Odds are home price increase rate will slow but not decline
For five years, local home prices have been increasing faster than our historical average. It has been and still is a great time to be a homeowner, even though there’s a lot of uncertainty about the housing market’s direction. But unlike sharp declines in the stocks and bonds markets, local home prices have stood fast against economic uncertainty. For example, stocks were down 13.5% for the first four months of this year. During the same period, the median sales price of homes here in NE Tenn. and SW Va. was up 7.5%.
Yes, April’s median sales price was down from the previous month. The decline was 0.7%. That’s peanuts when compared to a one-day 1,000-point drop in the Dow. That’s noteworthy because, despite all the media attention about stock market gyrations, that’s not where most people have their wealth. In fact, the stock market is not reflective of the overall economy. But that’s another story.

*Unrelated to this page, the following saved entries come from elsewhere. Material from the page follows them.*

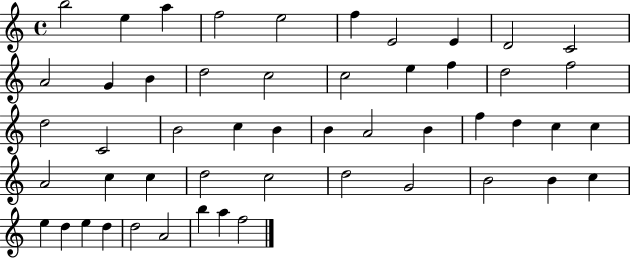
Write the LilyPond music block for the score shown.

{
  \clef treble
  \time 4/4
  \defaultTimeSignature
  \key c \major
  b''2 e''4 a''4 | f''2 e''2 | f''4 e'2 e'4 | d'2 c'2 | \break a'2 g'4 b'4 | d''2 c''2 | c''2 e''4 f''4 | d''2 f''2 | \break d''2 c'2 | b'2 c''4 b'4 | b'4 a'2 b'4 | f''4 d''4 c''4 c''4 | \break a'2 c''4 c''4 | d''2 c''2 | d''2 g'2 | b'2 b'4 c''4 | \break e''4 d''4 e''4 d''4 | d''2 a'2 | b''4 a''4 f''2 | \bar "|."
}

Most of John Q. Public’s wealth is rooted in their homes. And that homeowner wealth – as measured by equity – has seen a big increase in this overheated market. For example, during the fourth quarter of last year, 43.1% of all the local mortgaged properties were equity rich. That means the amount owners owed was no more than half of the property’s value. The local equity-rich share was slightly higher than the national average.
Chalk it up as the boom time for real estate. The fact that the market’s pace was unstainable was not a big secret. We’ve written about it in this space several timed. Sharp mortgage rate increases, inflation, a persistent lack of inventory, and uncertainty driven by the Russian invasion of Ukraine have ganged up to slow the momentum.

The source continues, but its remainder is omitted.